Records to use
========

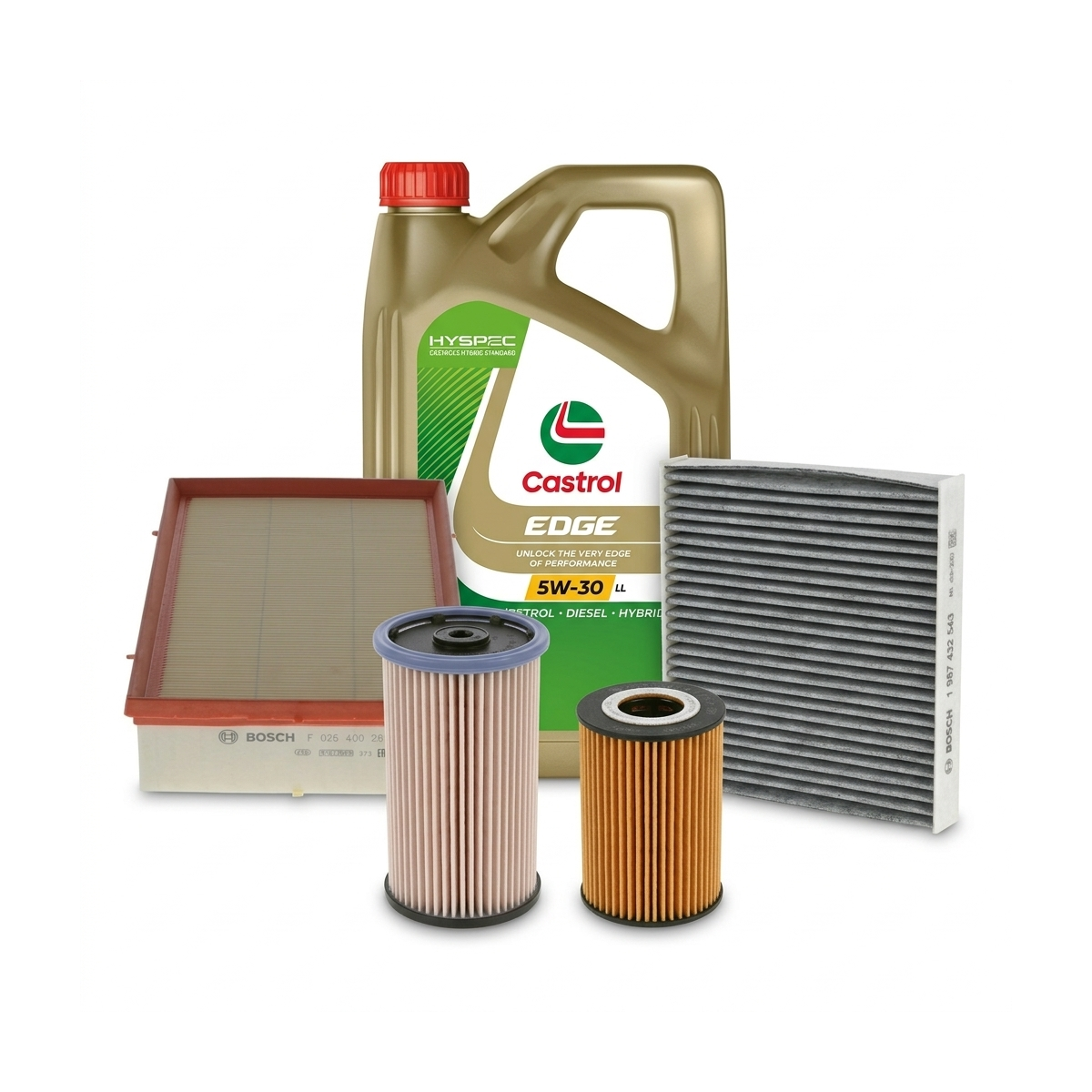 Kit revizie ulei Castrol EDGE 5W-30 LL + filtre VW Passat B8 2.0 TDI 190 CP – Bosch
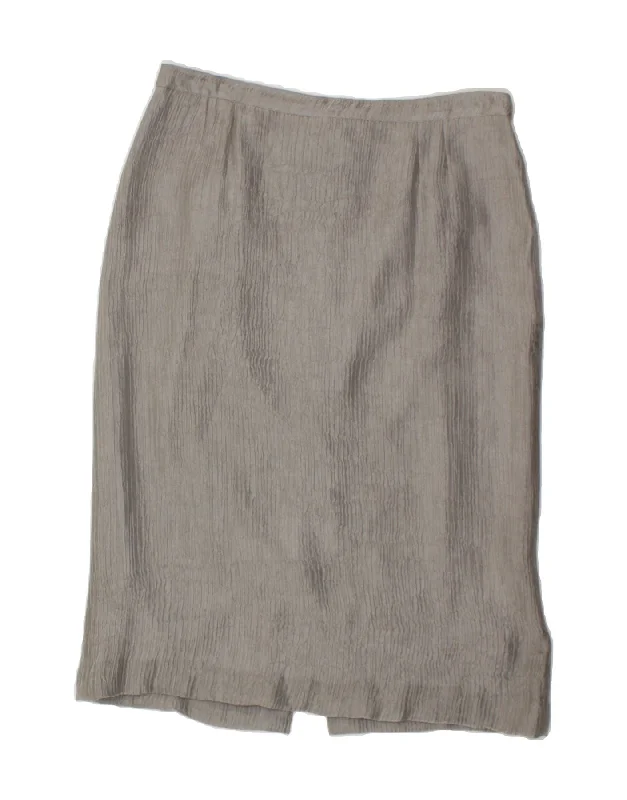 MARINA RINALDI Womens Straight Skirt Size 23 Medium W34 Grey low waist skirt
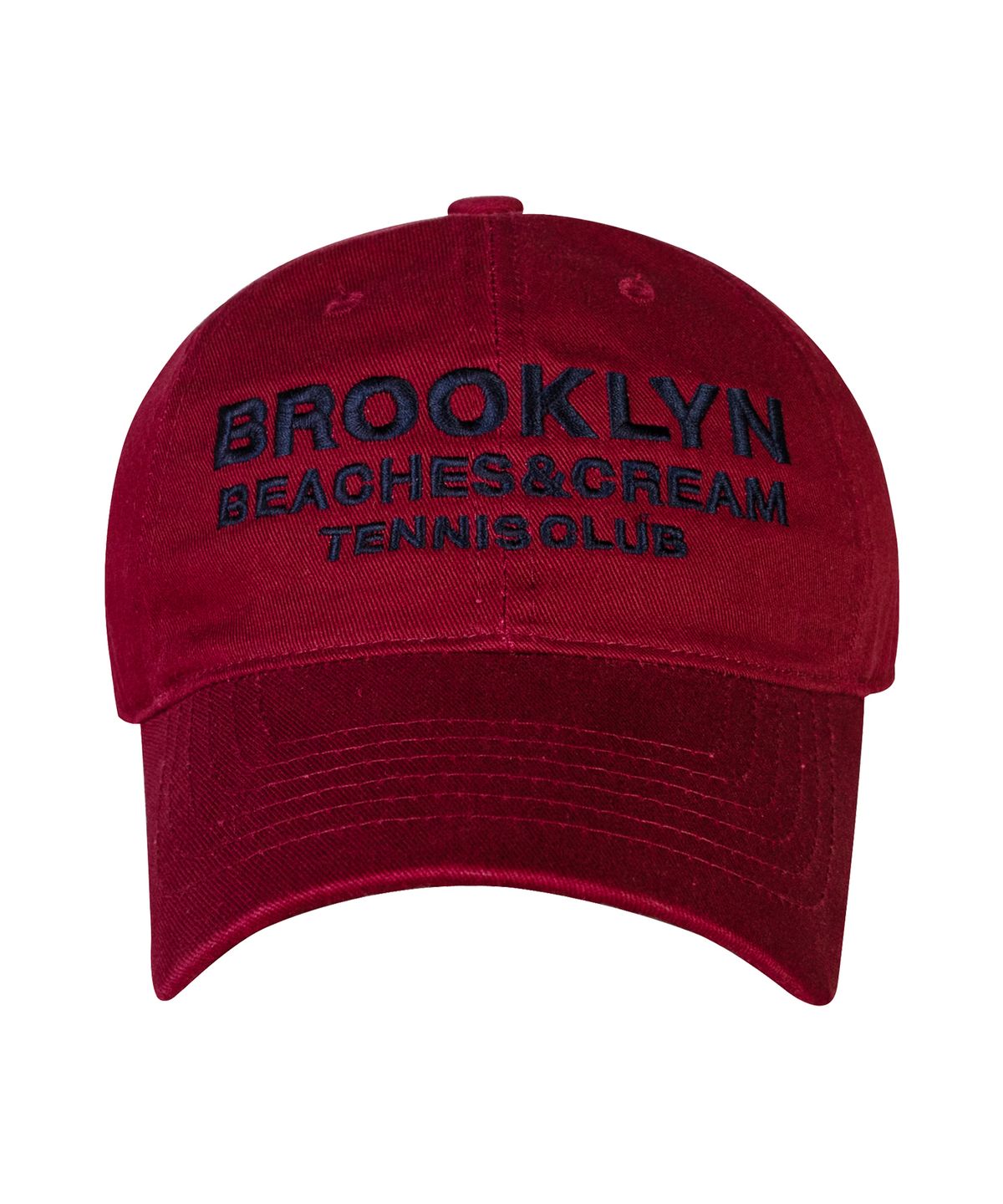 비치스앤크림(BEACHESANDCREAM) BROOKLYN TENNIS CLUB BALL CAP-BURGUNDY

========

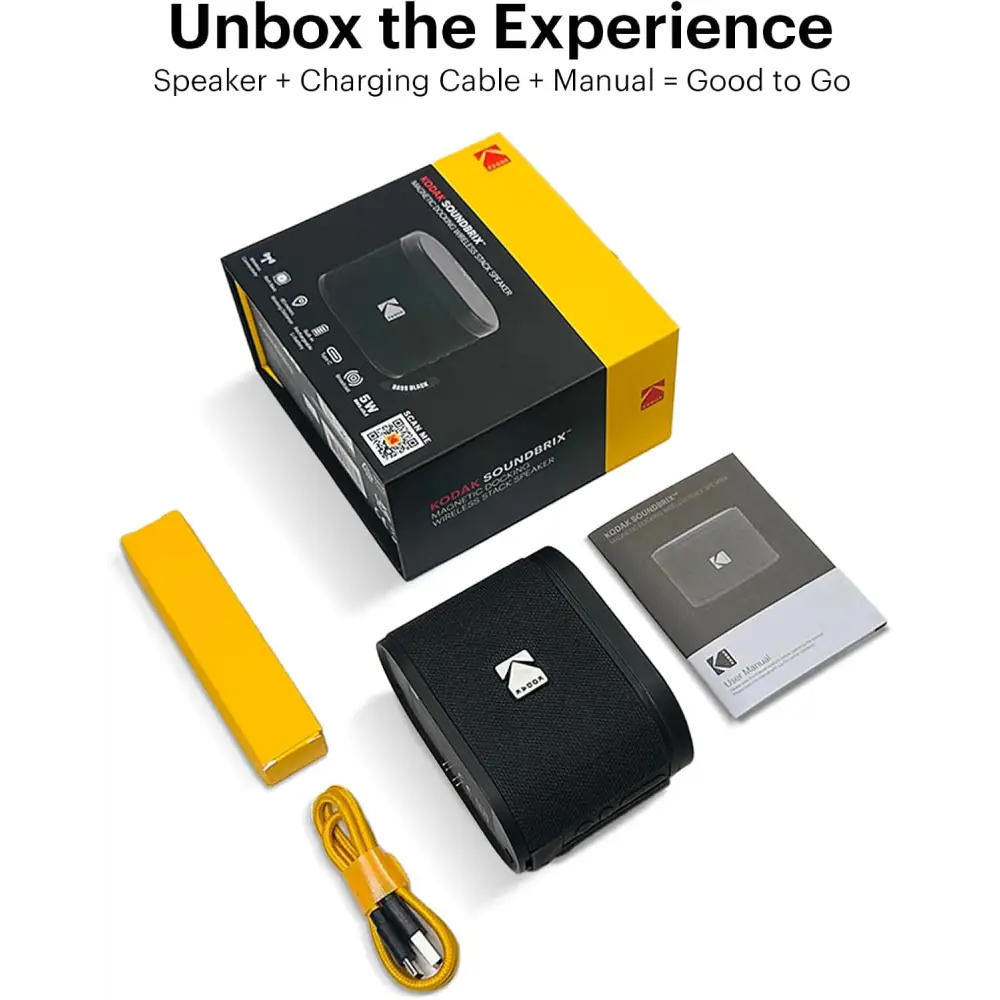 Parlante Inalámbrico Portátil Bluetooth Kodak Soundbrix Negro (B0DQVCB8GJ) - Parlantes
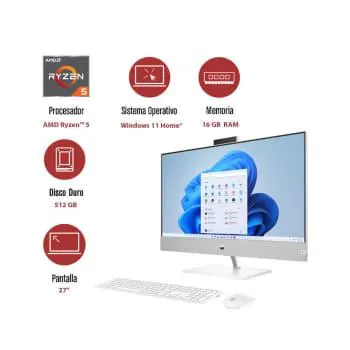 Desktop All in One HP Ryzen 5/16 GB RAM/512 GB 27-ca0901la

========

Directions
Return the material from the line containing "Kit revizie ulei" through the line containing "비치스앤크림(BEACHESANDCREAM) BROOKLYN TENNIS", exactly and in full, but without its pictures.

Worked solution
 Kit revizie ulei Castrol EDGE 5W-30 LL + filtre VW Passat B8 2.0 TDI 190 CP – Bosch
 MARINA RINALDI Womens Straight Skirt Size 23 Medium W34 Grey low waist skirt
 비치스앤크림(BEACHESANDCREAM) BROOKLYN TENNIS CLUB BALL CAP-BURGUNDY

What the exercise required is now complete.